**WHAT YOU HAVE TO DO**: Omit all images, then repeat exactly the lines below from the one containing "an outdoor kitchen" through the one containing "Rustic house with", both ends included.

**INPUT FOR THIS TASK**:
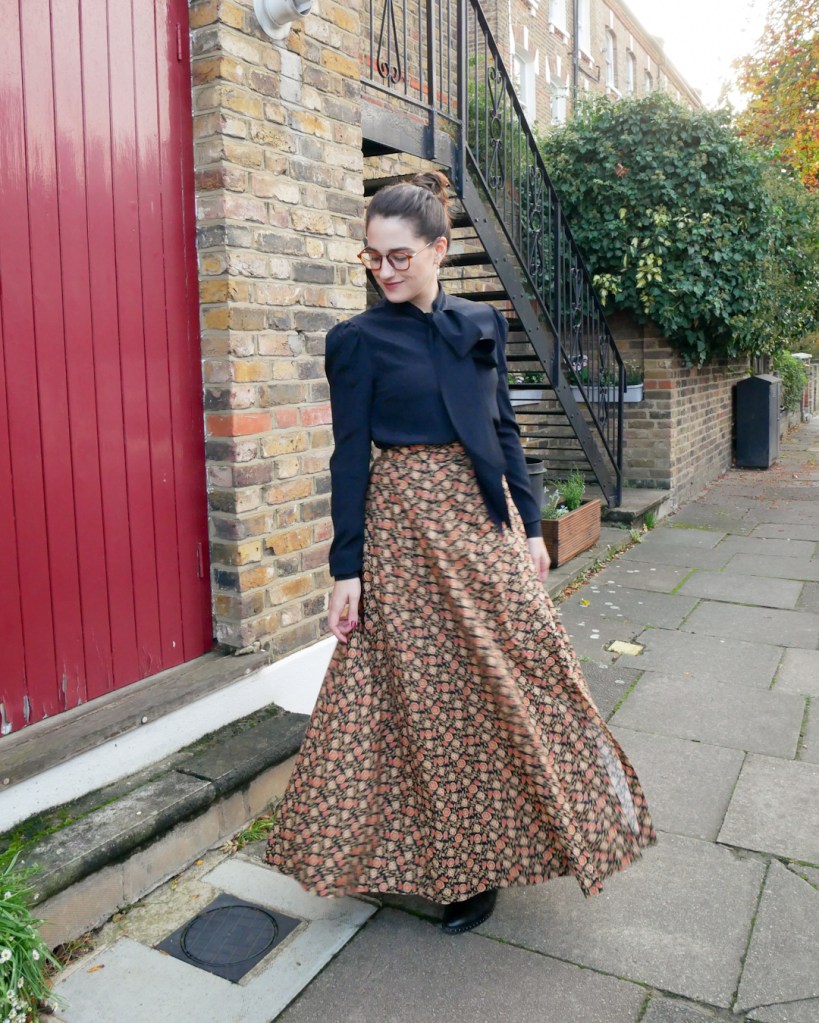 Katie wears a silky black blouse with long sleeves and a pussybow at the neck, matched with an autumnal coloured maxi skirt with ditsy floral print and black ankle boots.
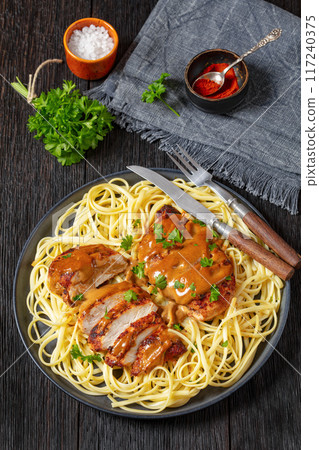 Chicken Lazone with sauce and linguine on plate Chicken Lazone with sauce and linguine on plate 117240375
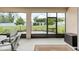 Relaxing screened lanai with comfortable seating and views of the private backyard, ideal for outdoor entertaining at 6265 Sw 88Th Loop, Ocala, FL 34476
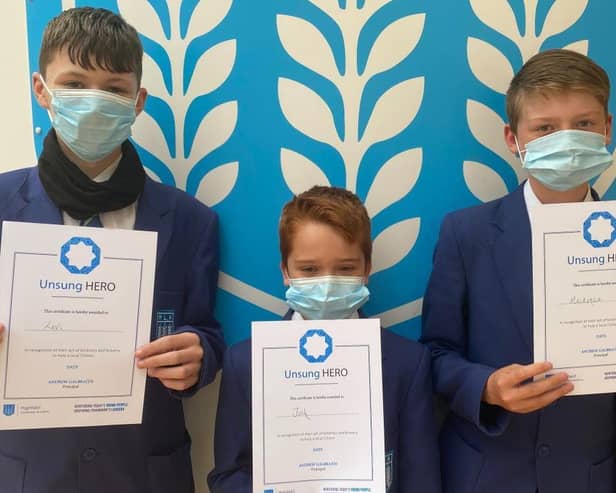 Highfield pupils Levi Burke, Josh Baggaley and Mackenzie Thomas, all aged 13, used their first aid skills to help a man in need and have been recognised with 'Unsung Hero' awards.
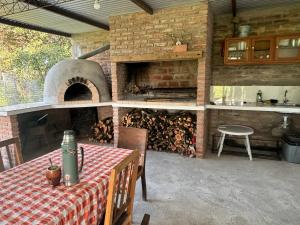 an outdoor kitchen with a pizza oven and a table with a table sidx sidx at Casa de campo in Carmelo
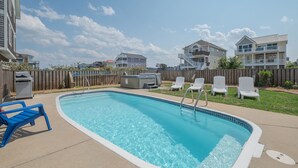 Une piscine avec une terrasse en bois, des chaises longues et un jacuzzi.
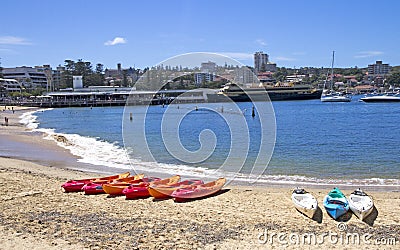 MANLY, AUSTALIA-DECEMBER 08 2013: Kayaks on Manly cove beach wit Editorial Stock Photo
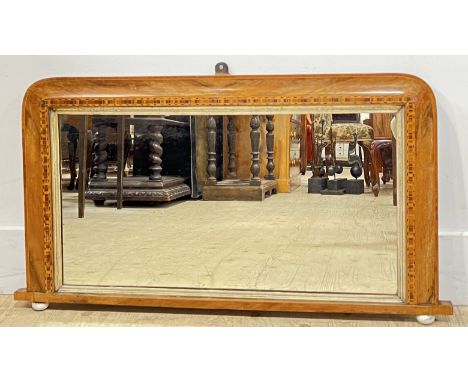 A Victorian walnut and Tunbridge ware style inlaid over-mantle mirror raised on ceramic bun supports (h- 50cm, w- 84cm)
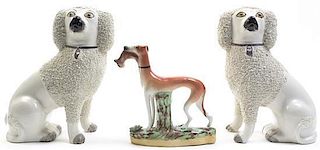 A Pair of Staffordshire Poodles, Height of each 8 1/4 inches.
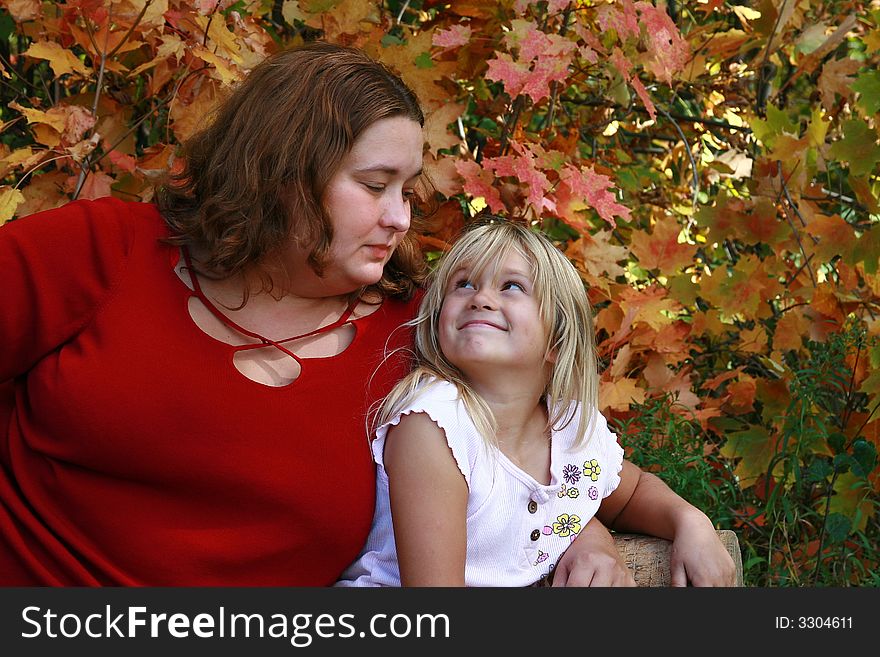 Beautiful large woman in red with her young daughter. Beautiful large woman in red with her young daughter.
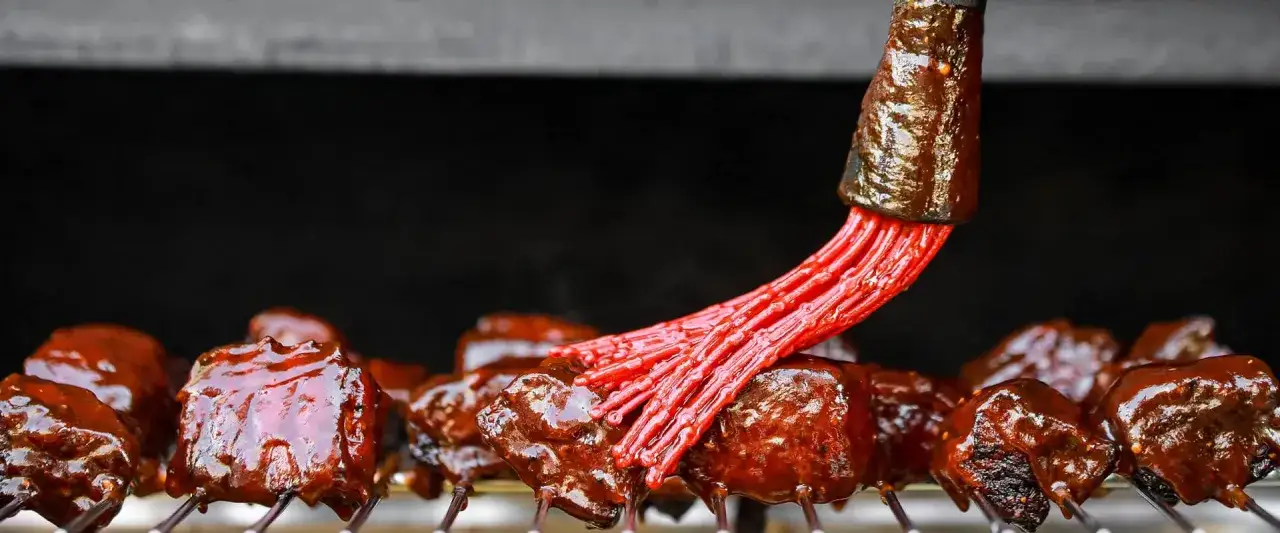 Fleischstücke werden mit einer roten Bürste mit köstlicher bbq sauce glasiert.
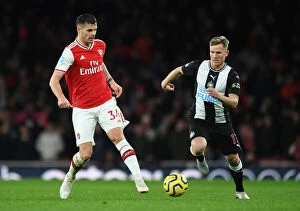 Arsenal v Newcastle United 2019-20 Collection: Arsenal's Xhaka Fends Off Newcastle's Ritchie During Premier League Clash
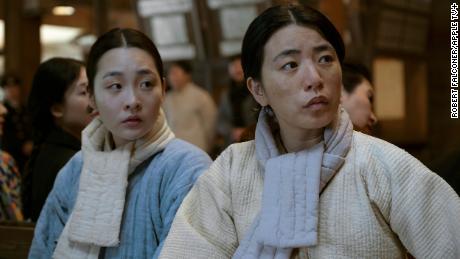 Sunja (Minha Kim) and her mother (Inji Jeong) struggle with the rigors of life in Japanese-occupied Korea.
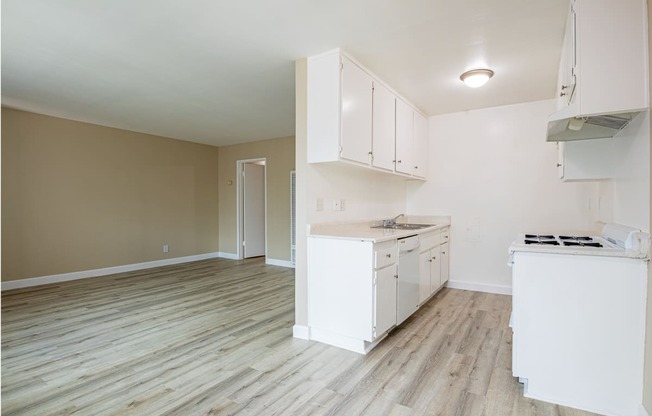 an empty kitchen and living room with white cabinets and wood floors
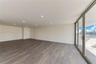 Open-concept living space featuring wood-finish flooring, recessed ceiling lighting, and floor-to-ceiling glass sliding doors leading to an outdoor ba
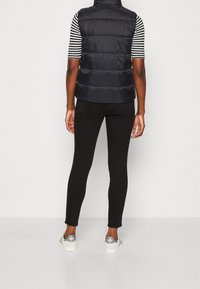 Person, der eine schwarze Steppweste, schwarze enge Jeans, ein schwarz-weiß gestreiftes Kurzarmshirt und weiße Sneaker trägt, steht gegen eine weiße Wand.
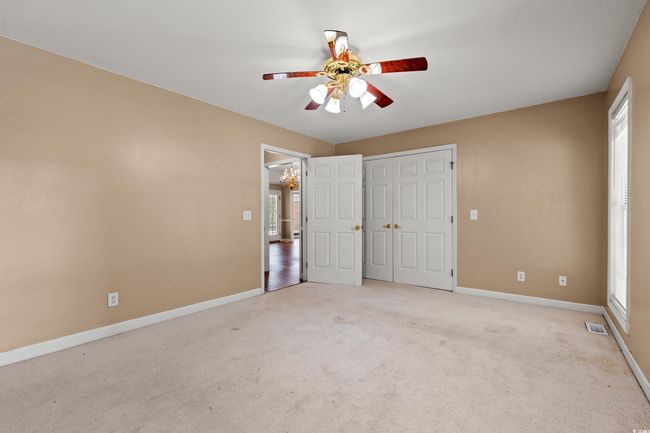 Unfurnished bedroom with light colored carpet, a chandelier, ceiling fan, and a closet | Image 7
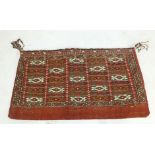 A pair of Turkman Kilim weave bags with bands of geometric design on a madder ground,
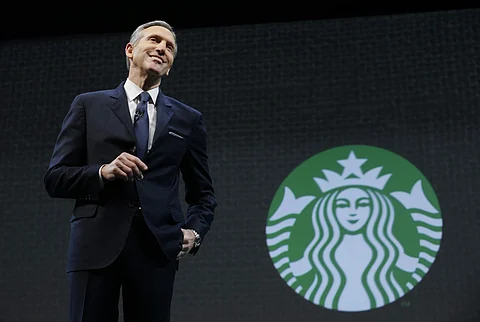 Starbucks halts stock buybacks as Schultz returns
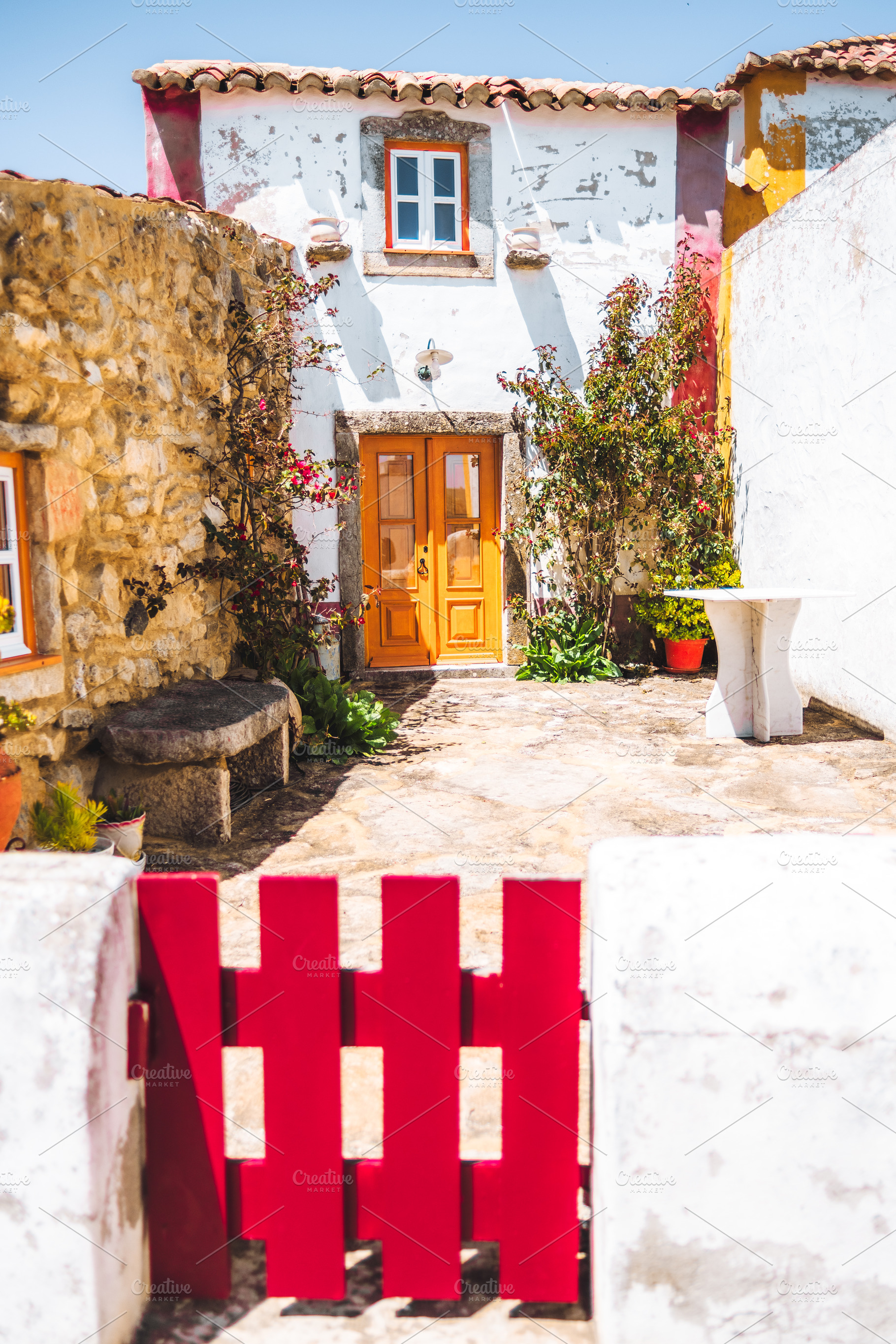 Rustic house with red gate, an Architecture Photo by SkyNext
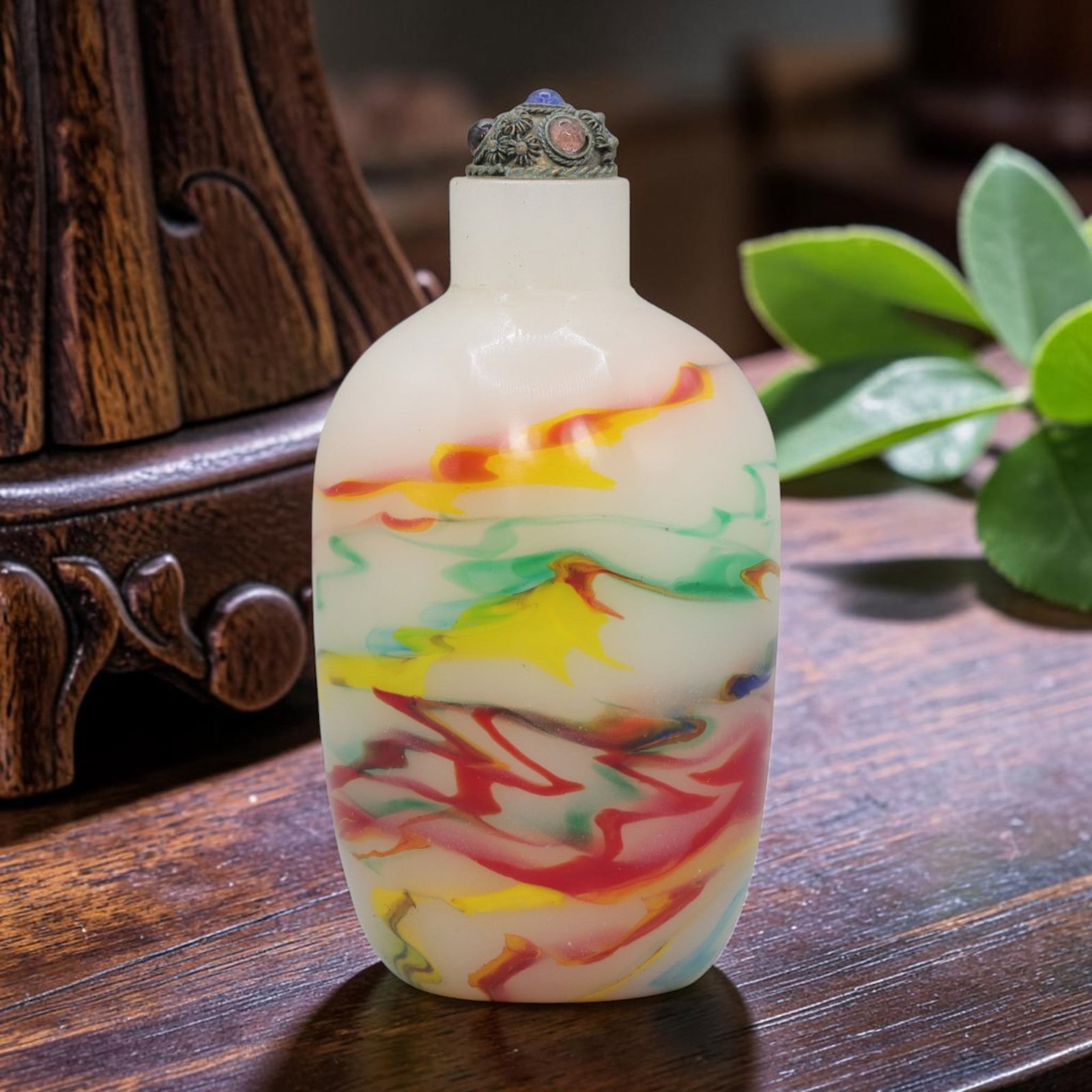 Vintage Chinese Multicolored Swirl Liuli Glass Snuff Bottle, 68YF: Crafted from translucent white glass with vibrant multicolored swirls, this vintage Chinese snuff bottle features a striking marbled pattern of red, yellow, green, and blue hues flowing across the bod
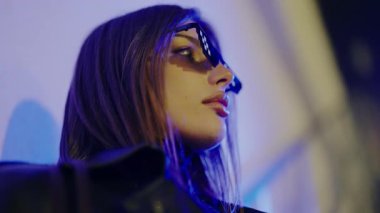 Yeraltı otoparkında poz veren uzun saçlı genç bir kadın model. Modern bir kadın. Profesyonel mankenin yüzü. Genç, lüks, seksi kadın. Dışarıdaki kameraya bakıyor..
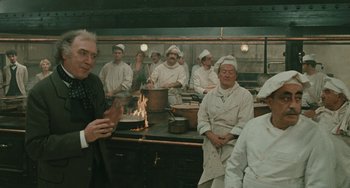 Movie still from “The Ship Sails On” (1983), directed by Federico Fellini – A group of people wearing chef's hats in a kitchen; Medium shot, Over the shoulder angle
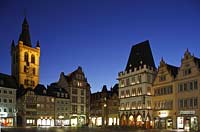 Trier Hauptmarkt mit St. Gangolf Kichturm, Marktkreuz und Steipe zur blauen Stunde in Kunstlichbeleuchtung, illuminiert; Trier market with St. Gangolf church in night or evening image with illumination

**OUTPUT BELOW**:
 an outdoor kitchen with a pizza oven and a table with a table sidx sidx at Casa de campo in Carmelo
 Une piscine avec une terrasse en bois, des chaises longues et un jacuzzi.
 MANLY, AUSTALIA-DECEMBER 08 2013: Kayaks on Manly cove beach wit Editorial Stock Photo
 A Victorian walnut and Tunbridge ware style inlaid over-mantle mirror raised on ceramic bun supports (h- 50cm, w- 84cm)
 A Pair of Staffordshire Poodles, Height of each 8 1/4 inches.
 Beautiful large woman in red with her young daughter. Beautiful large woman in red with her young daughter.
 Fleischstücke werden mit einer roten Bürste mit köstlicher bbq sauce glasiert.
 Arsenal v Newcastle United 2019-20 Collection: Arsenal's Xhaka Fends Off Newcastle's Ritchie During Premier League Clash
 Sunja (Minha Kim) and her mother (Inji Jeong) struggle with the rigors of life in Japanese-occupied Korea.
 an empty kitchen and living room with white cabinets and wood floors
 Open-concept living space featuring wood-finish flooring, recessed ceiling lighting, and floor-to-ceiling glass sliding doors leading to an outdoor ba
 Person, der eine schwarze Steppweste, schwarze enge Jeans, ein schwarz-weiß gestreiftes Kurzarmshirt und weiße Sneaker trägt, steht gegen eine weiße Wand.
 Unfurnished bedroom with light colored carpet, a chandelier, ceiling fan, and a closet | Image 7
 A pair of Turkman Kilim weave bags with bands of geometric design on a madder ground,
 Starbucks halts stock buybacks as Schultz returns
 Rustic house with red gate, an Architecture Photo by SkyNext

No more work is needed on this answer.